_HOW TO COMPLETE THIS TASK_. Print out the data that follows exactly, character for character, apart from the pictures.

_DATA SEGMENT_.
○ ○ ○
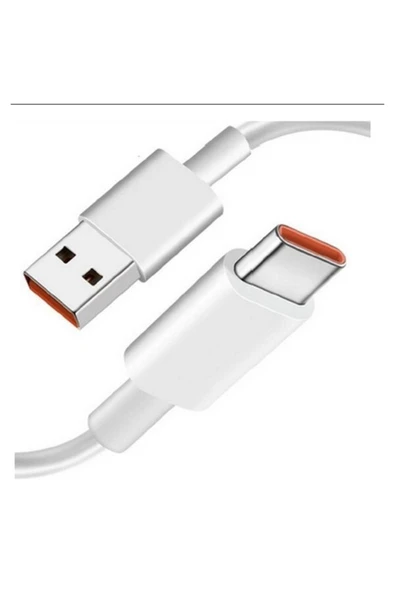 SPRANGE Xiaomi Uyumlu Hızlı Şarj Type C Kablo
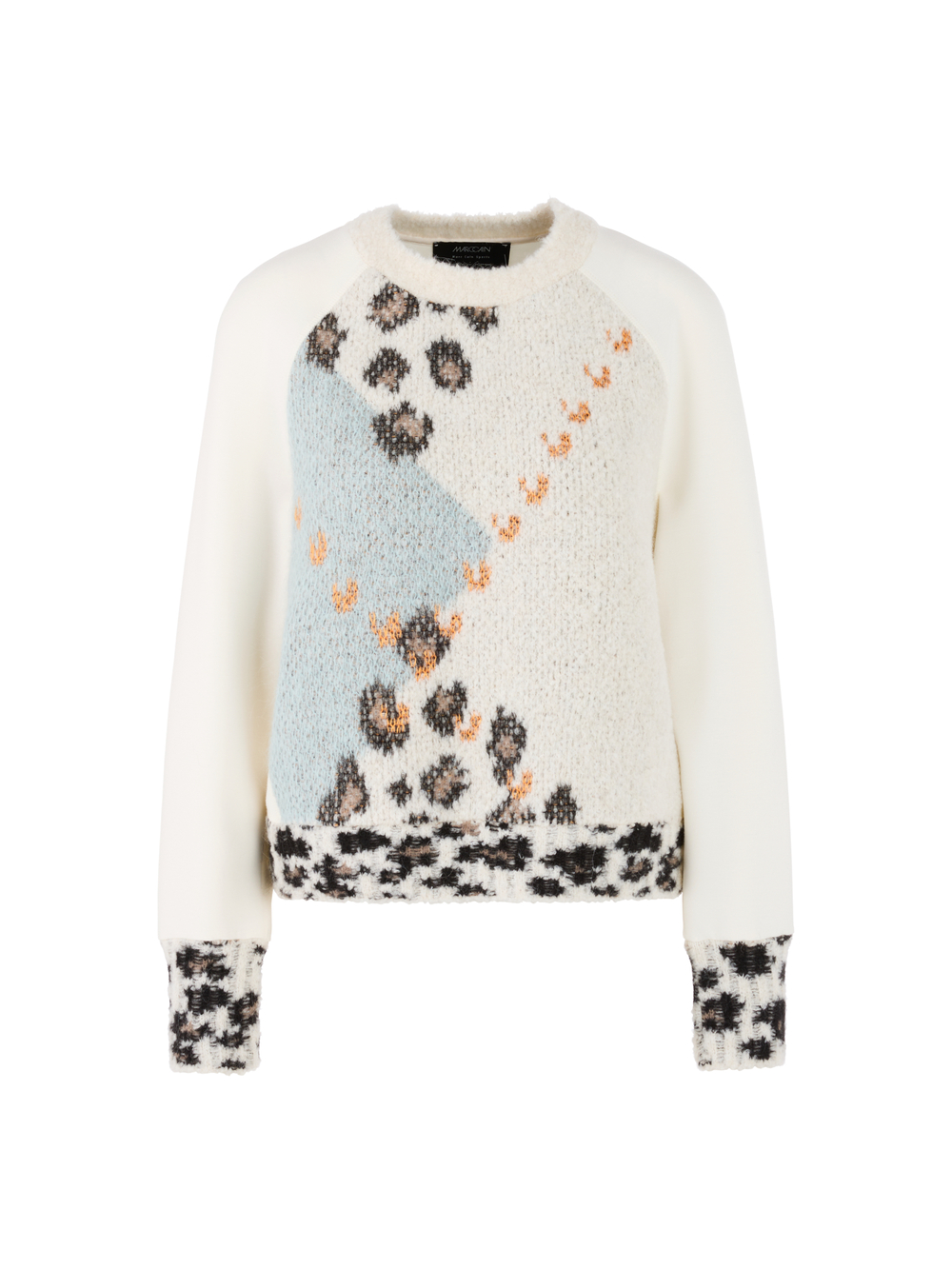 Джемпер из полиамида (Knitted in Germany)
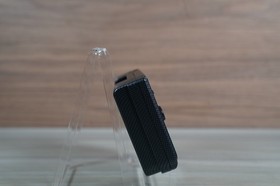 SNK Neo Geo Pocket Color Carbon Black Game Console - Tested Cleaned new battery!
○ ○ ○
_RESPONSE TO THE TASK_.
 SPRANGE Xiaomi Uyumlu Hızlı Şarj Type C Kablo
 Джемпер из полиамида (Knitted in Germany)
 SNK Neo Geo Pocket Color Carbon Black Game Console - Tested Cleaned new battery!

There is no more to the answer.